Data in this exercise below:

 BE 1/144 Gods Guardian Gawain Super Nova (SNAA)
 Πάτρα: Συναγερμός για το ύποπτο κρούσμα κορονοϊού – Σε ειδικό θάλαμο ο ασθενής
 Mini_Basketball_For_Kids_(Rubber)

End of Data in this exercise.
Data in this exercise below:

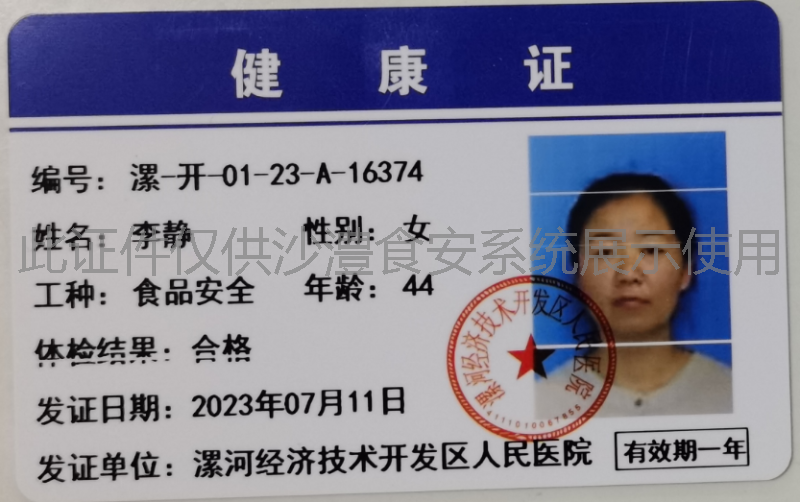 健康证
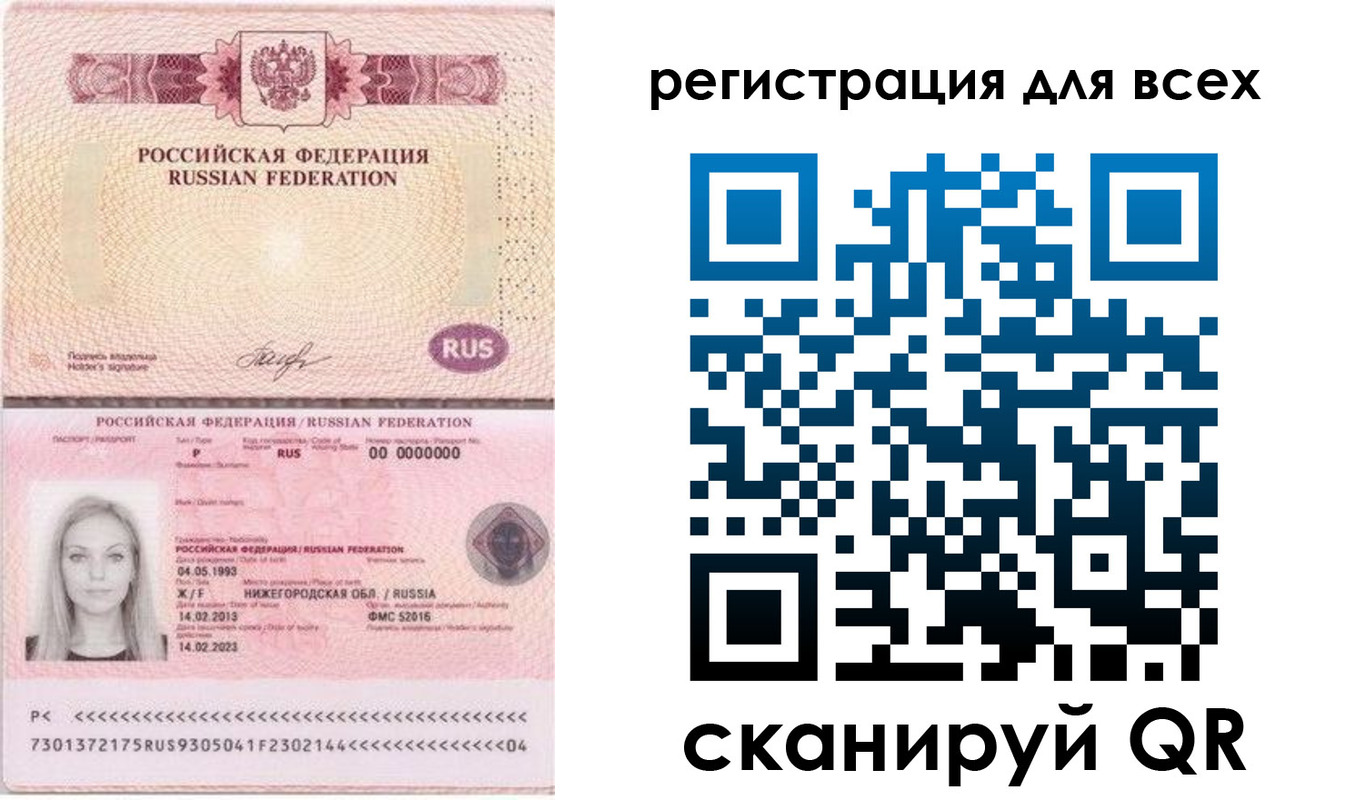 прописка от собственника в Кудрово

End of Data in this exercise.

Task item:
Using the data above, reproduce exactly the lines between those holding "BE 1/144 Gods" and "Mini_Basketball_For_Kids_(Rubber)", inclusive, and no others.

Response box:
 BE 1/144 Gods Guardian Gawain Super Nova (SNAA)
 Πάτρα: Συναγερμός για το ύποπτο κρούσμα κορονοϊού – Σε ειδικό θάλαμο ο ασθενής
 Mini_Basketball_For_Kids_(Rubber)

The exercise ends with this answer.